Voilà un établissement éducatif qui a perdu de sa verve, le lycée Chafaï Ahmed possède une grande histoire, un établissement secondaire qui a été construit sur une parcelle de terrain qui servait de rendez-vous pour les grands matchs de football, un terrain qui a vu d’excellents footballeurs formés dans le tas, à l’image des Tayeb Amrous, Sadek Amrous, Aidir Hamid, Matouk Abdelkader, Amar Bouchanane, et la liste est beaucoup trop longue pour les citer tous. Pour ceux qui ne le savent pas, le lycée Chafai Ahmed de Bordj Menaïel est une école d’excellence qui a de tout temps produit de brillants élèves qui sont devenus par la suite des médecins, des chirurgiens, à l’image de Tahar Naili, Hamid Achour, Sidi Rouhou Amar, du regretté Tafat Bouzid Abdelkrim, mais aussi des experts fonciers à l’image de Abdenour Mostefaoui, et des dizaines, si ce n’est des centaines d’avocats agréés près la Cour, auprès du ministère de la Justice.
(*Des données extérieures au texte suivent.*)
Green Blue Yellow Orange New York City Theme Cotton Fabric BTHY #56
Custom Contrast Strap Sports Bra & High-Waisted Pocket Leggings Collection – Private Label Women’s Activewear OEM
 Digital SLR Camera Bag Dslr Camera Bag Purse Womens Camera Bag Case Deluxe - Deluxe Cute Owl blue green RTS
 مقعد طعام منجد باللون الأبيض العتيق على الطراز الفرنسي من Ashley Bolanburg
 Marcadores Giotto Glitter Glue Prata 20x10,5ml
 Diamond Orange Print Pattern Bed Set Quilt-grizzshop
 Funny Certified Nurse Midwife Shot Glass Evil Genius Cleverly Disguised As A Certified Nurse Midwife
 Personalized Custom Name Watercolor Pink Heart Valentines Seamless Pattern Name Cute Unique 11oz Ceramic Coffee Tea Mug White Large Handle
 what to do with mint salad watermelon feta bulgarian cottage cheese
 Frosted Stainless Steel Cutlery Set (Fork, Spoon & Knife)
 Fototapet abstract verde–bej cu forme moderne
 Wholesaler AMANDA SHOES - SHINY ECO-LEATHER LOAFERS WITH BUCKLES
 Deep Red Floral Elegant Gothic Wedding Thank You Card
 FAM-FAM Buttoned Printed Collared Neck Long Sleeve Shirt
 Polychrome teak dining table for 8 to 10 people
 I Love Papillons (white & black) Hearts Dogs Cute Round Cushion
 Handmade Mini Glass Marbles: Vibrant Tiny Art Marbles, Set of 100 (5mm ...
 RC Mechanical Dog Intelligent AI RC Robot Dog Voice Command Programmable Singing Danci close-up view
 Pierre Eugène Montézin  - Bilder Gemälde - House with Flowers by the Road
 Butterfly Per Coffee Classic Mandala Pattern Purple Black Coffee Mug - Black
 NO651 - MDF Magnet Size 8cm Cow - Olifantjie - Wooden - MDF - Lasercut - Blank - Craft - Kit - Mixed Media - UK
Omar Fetmouche est un grand dramaturge, spécialiste de l’univers du théâtre et scénariste qui a été l’auteur du théâtre pour enfants Sindjab de Bordj Menaïel. Ils sont nombreux les cadres qui occupent diverses fonctions dans les ministères algériens en qualité de Drag, de Dal, de commissaire aux comptes, d’experts-comptables, de conseillers, de commissaires de police et autres métiers. La réalisation du projet de construction du lycée Chafaï de Bordj Menaïel dans les années 1970 a été l’œuvre d’un combat au quotidien d’un honnête homme, Amara Ahmed, en l’occurrence. Il était directeur de collège, et en même temps, le premier président élu de l’APC de Bordj Menaïel, dans les années 1968. En sa qualité de directeur d’établissement scolaire, il ne pouvait supporter la déperdition scolaire à cause de l’inexistence d’un lycée et le peu d’élèves qui avaient la chance de poursuivre leurs études secondaires et qui devaient ensuite rejoindre, soit le lycée Amirouche de Tizi-Ouzou, soit le lycée technique de Dellys, car territorialement, la localité de Bordj Menaïel faisait partie intégrante de la wilaya de Tizi-Ouzou.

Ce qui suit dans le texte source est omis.